Input records ::
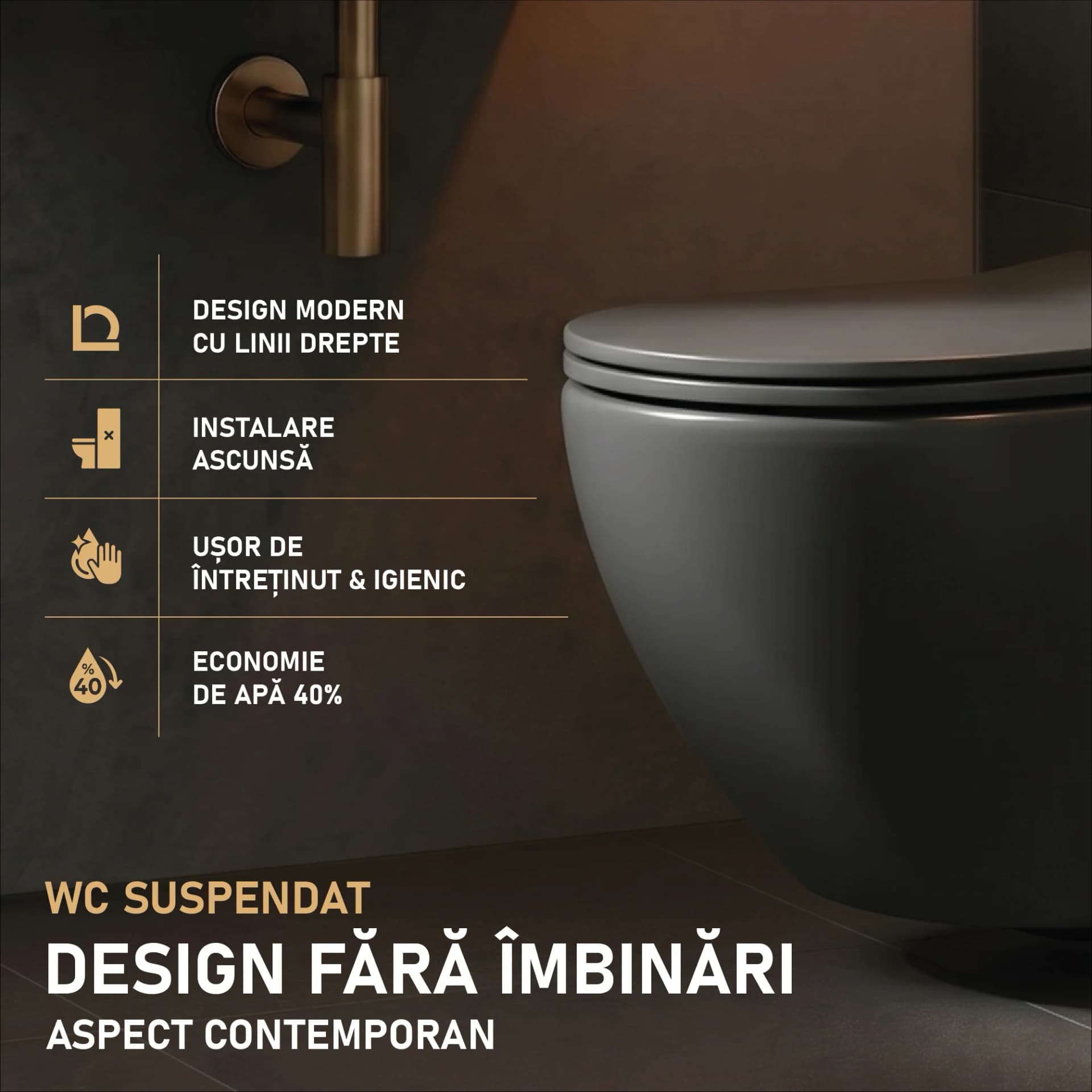 Vas WC suspendat Sofia Negru Rimless fara margini  si capac Soft Close Duroplast cu inchidere lenta si cu Baterie Bideu Neagra incorporata apa calda - rece 49x36x36cm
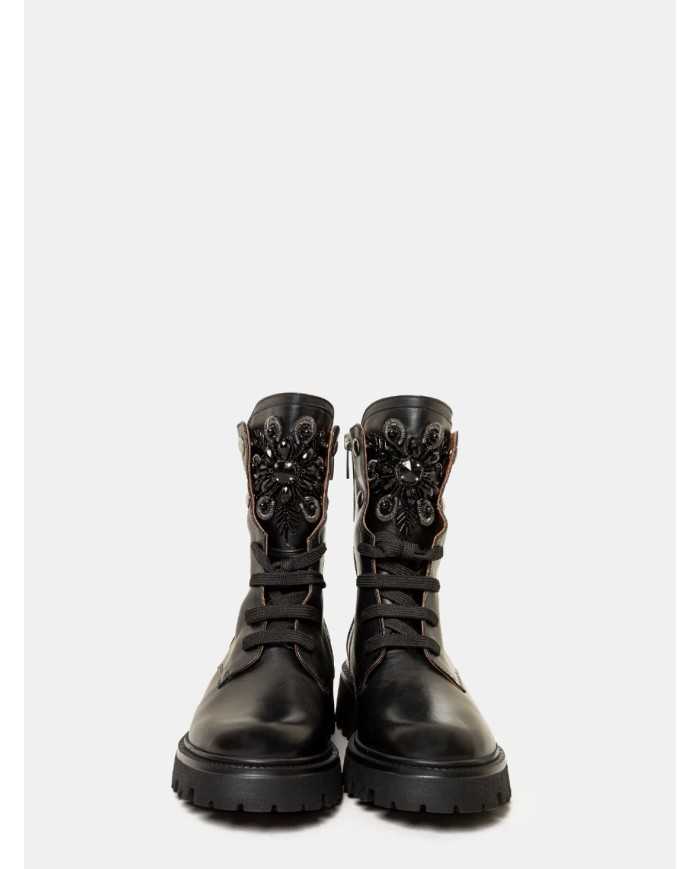 evaluna Anfibio in pelle con decorazioni pietre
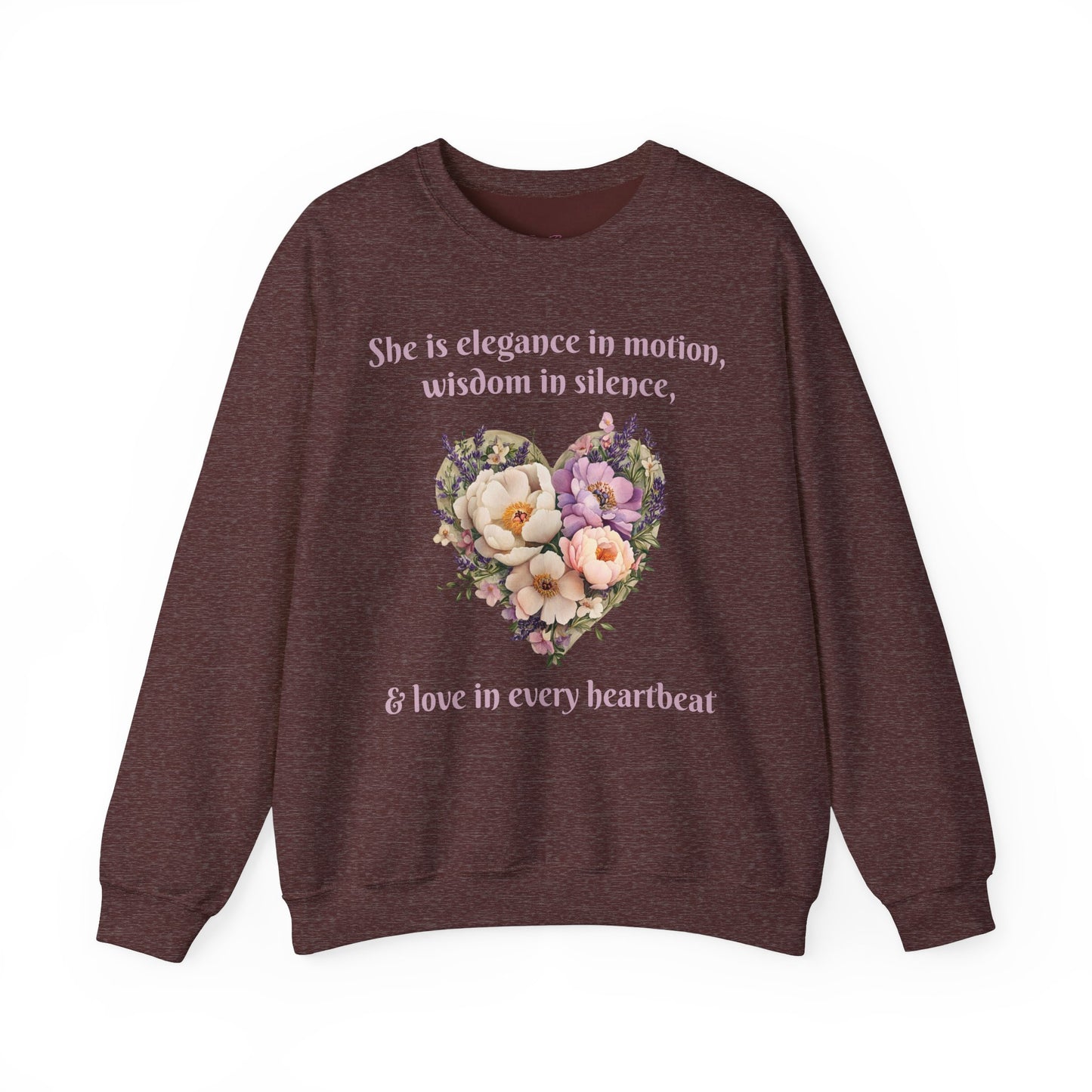 Floral Heart Crewneck Sweatshirt - Inspirational Love Design - Great for Mother's Day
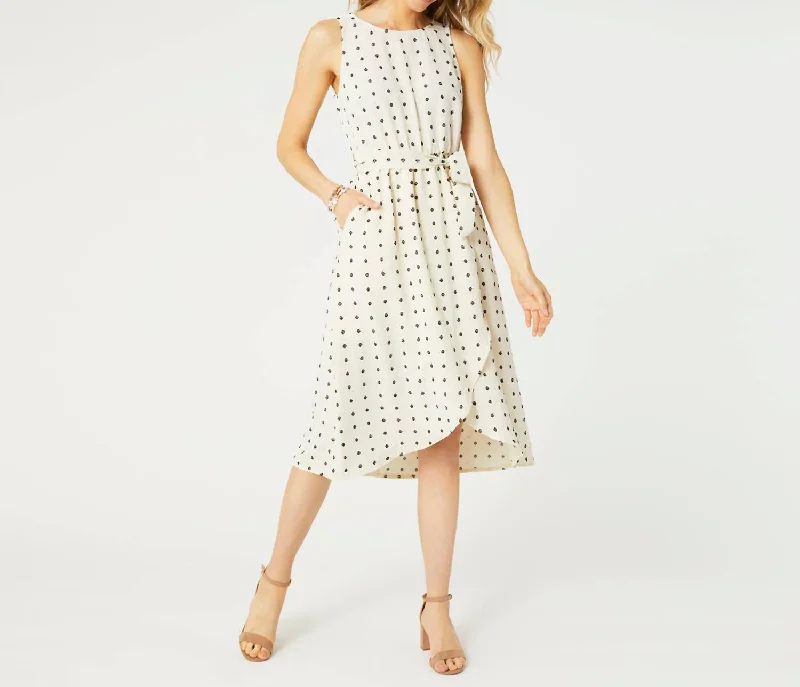 Charlotte Swiss Dot Tank Dress With Tie In Ivory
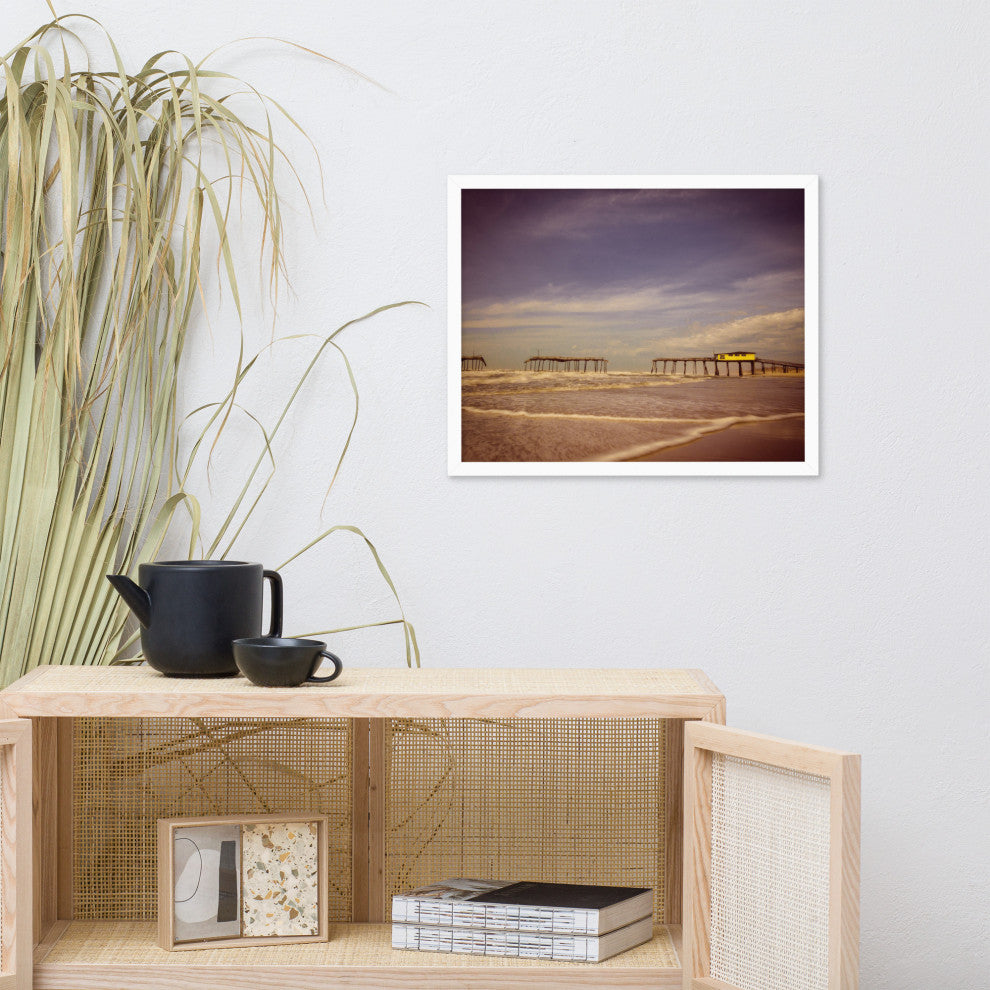 Aged View of Frisco Pier Coastal Framed Photo Paper Print, White, 16" X 20"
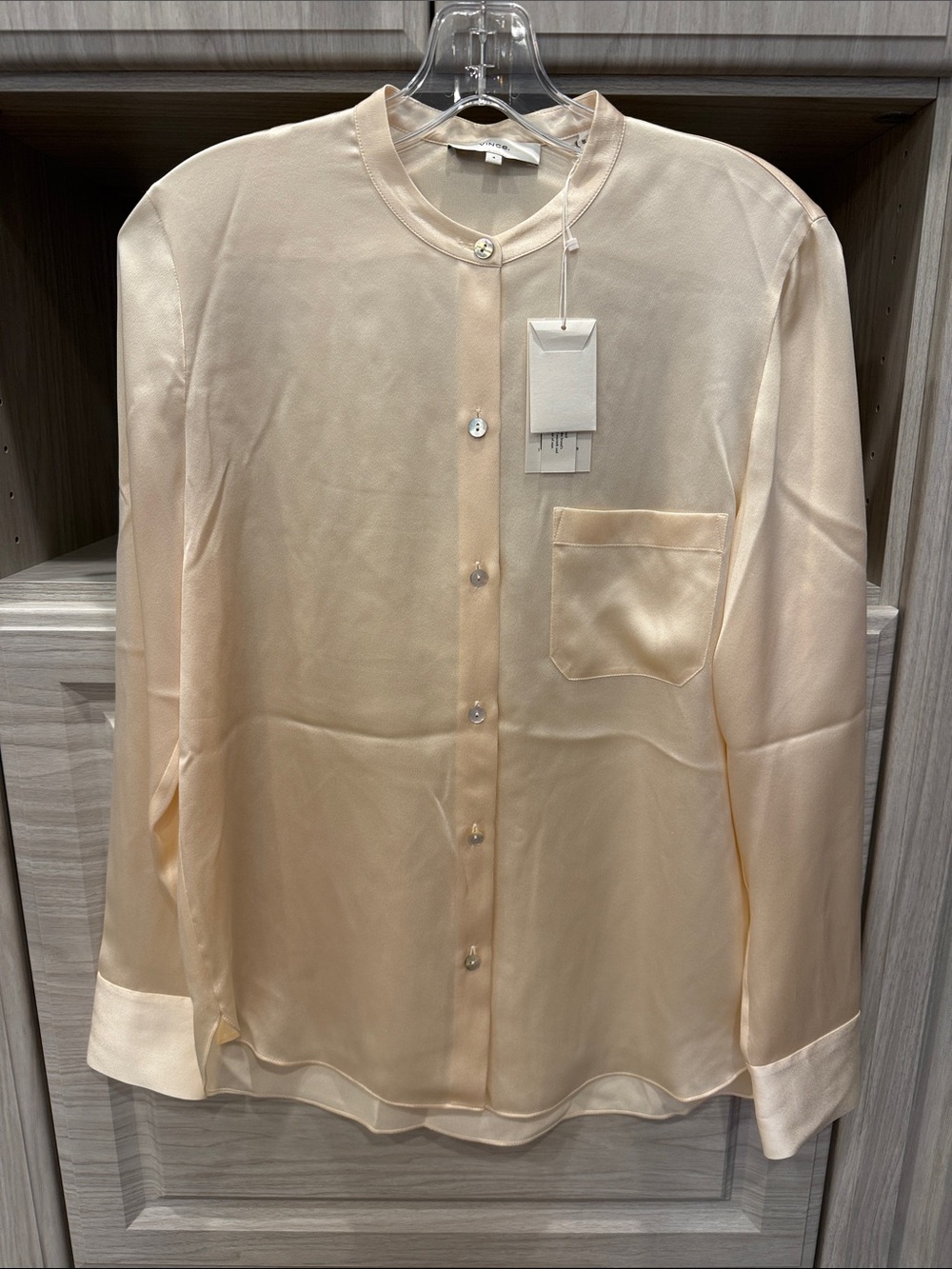 Vince  Silk Band-Collar Blouse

What the task requires :: From the line containing "Charlotte Swiss Dot" down to the last line of the data, print every line exactly and nothing else. Pictures stay out of the copy.

Response to this exercise ::
 Charlotte Swiss Dot Tank Dress With Tie In Ivory
 Aged View of Frisco Pier Coastal Framed Photo Paper Print, White, 16" X 20"
 Vince  Silk Band-Collar Blouse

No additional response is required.